И тоже тихо так, будто мышонок. Не её пацан, соседский. Пищит себе что-то под нос, сопли пузырями пускает, да растирает грязными лапками по лицу.
Краса моя умерла несколько часов назад. Убили, суки.
Голая, синяя, вся в крови и ссадинах. Руки неестественно вывернуты, ноги до колен в крови, рубашка изодрана в клочья.
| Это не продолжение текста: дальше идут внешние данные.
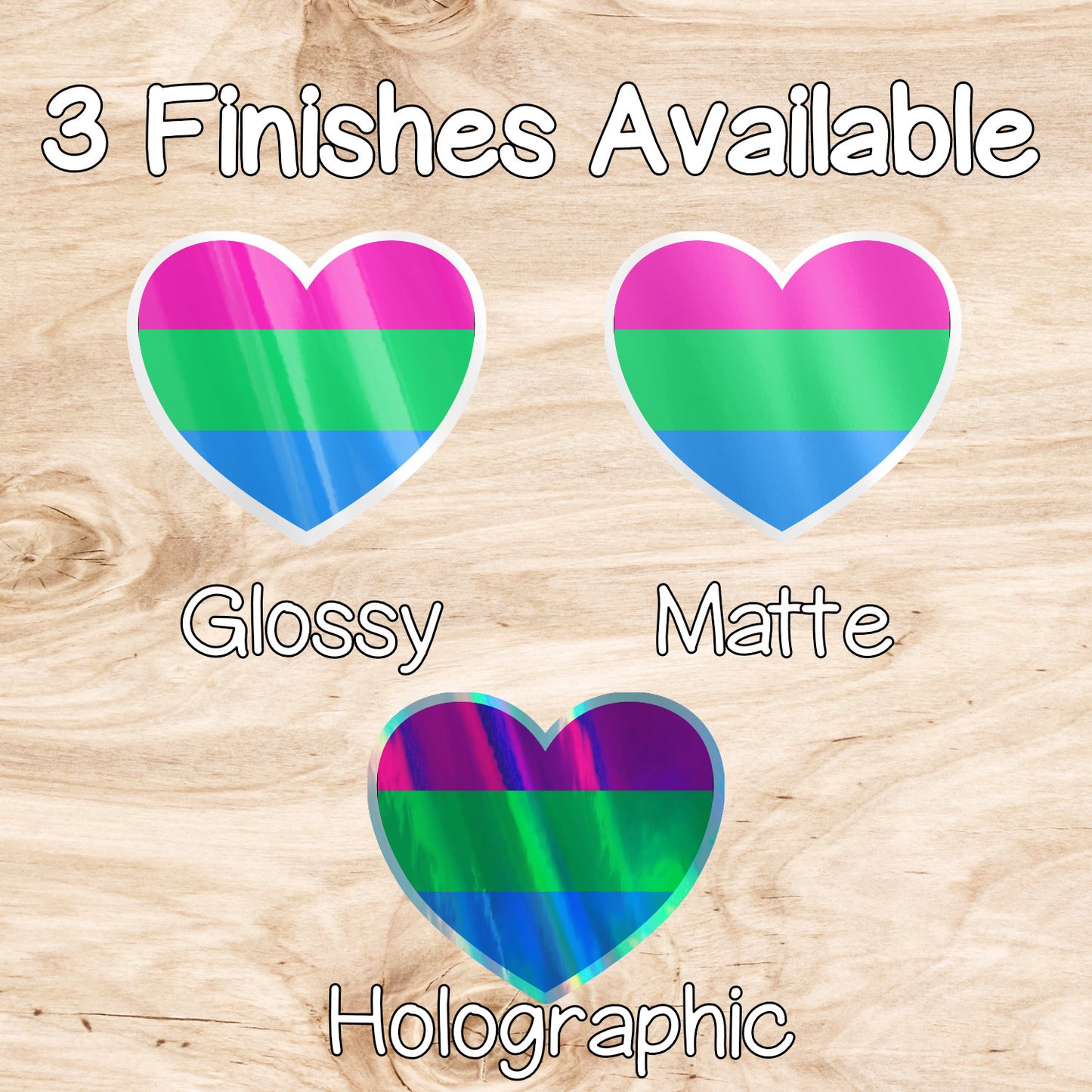 Polysexual LGBTQ+ Heart Weatherproof Vinyl Die Cut Sticker image 1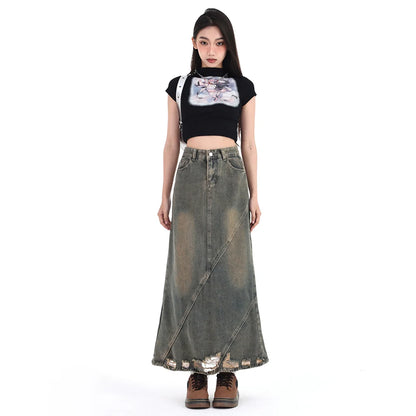 Women Denim Skirt Y2k Emo 2000s Clothes Long Skirt Harajuku Korean 90s Fashion Vintage Gradient A-line Jean Skirt Grunge Clothes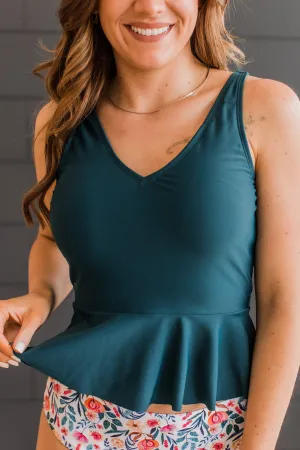 Ocean Breeze Peplum Tankini Swim Top- Teal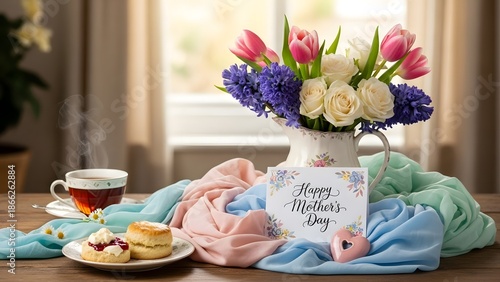 Happy mother's day celebration with flowers tea and sweets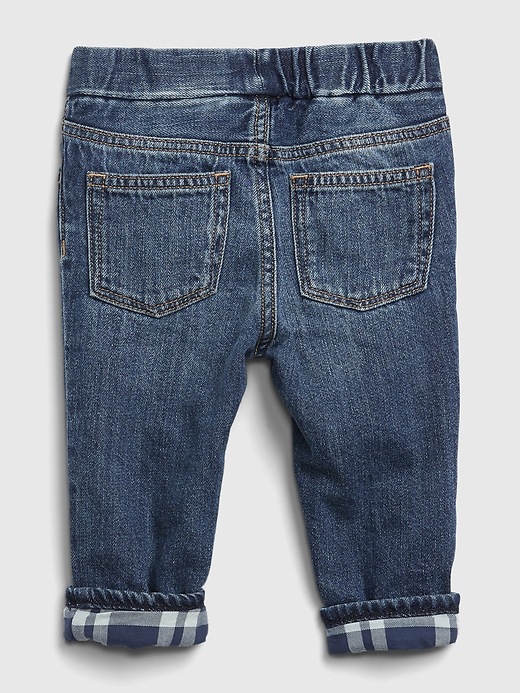 Image number 2 showing, Baby Flannel Lined Straight Pull-On Jeans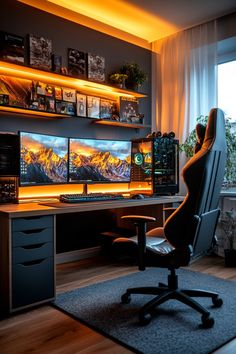 a chair sitting in front of two computer monitors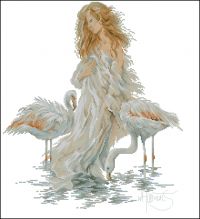 Вышивка крестом Девушка и фламинго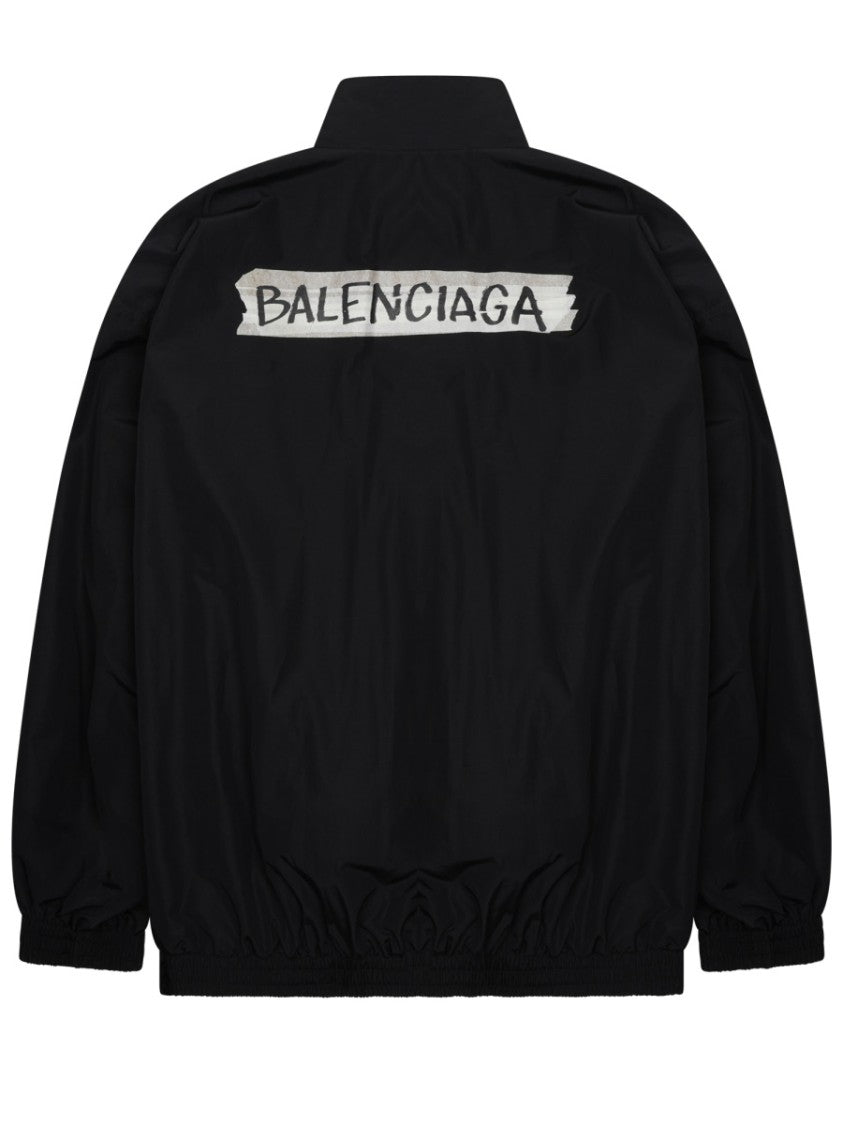Balenciaga Masking Tape Graphic Black Jacket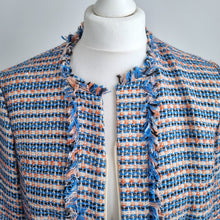 Load image into Gallery viewer, Frank Walder Boucle Jacket UK 14 Tweed Sequins Blazer Blue Orange Work Zip Chic

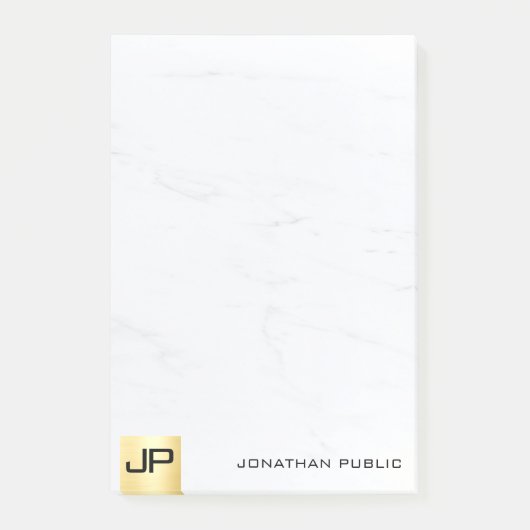 Moderne eenvoudige Sjabloon Elegant Goud en Marmer Post-it® Notes (Voorkant)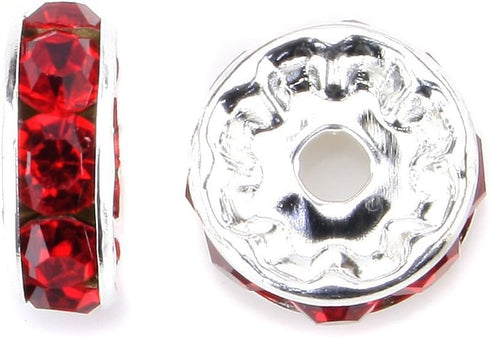 RUBYCA 100pcs 6mm Round Rondelle Spacer Charm Beads Silver Tone Light Siam Red Czech Crystal...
Та самая рубаха, в которой я ее впервые заприметил.
Спит поломанная кукла, уткнувшись носом в загаженную грехом землю.
Волосы во все стороны разбросаны, кровью залиты, алые.
Я без чувств упал на землю.
В третий раз.
Секунду назад я ещё был ангелом, сыном божьим, что заброшен, словно надоевшая псина, с небес на бренную землю. Иди, пес, разнюхай, что да как.
Хватит.
Сами нюхайте этот порох вперемешку с человеческим говном.
Достаточно.
Теперь уже на коленях рыдал в голос человек.
Смертный, грешный человек, решивший в ту секунду, что не вмешиваться больше не могу. Вот она, коснулась птица войны и меня своим черным крылом. Сорвался я с тонкой грани, по которой бродил последние двенадцать месяцев, в бездну, откуда выбираются только мертвые. Дабы вознестись на небеса.
Похоронили её, крест сколотили, как местные делают. Пацан цветов нарвал, бережно закопал на могилке кустик.
К обеду чумазый заснул, как раз перед дорогой. Идти далеко.
А я все сидел на лавке и таращился в небо.
В небо, которое оставалось в стороне от мирских дел, укутанное в свои беззаботные пушистые облака.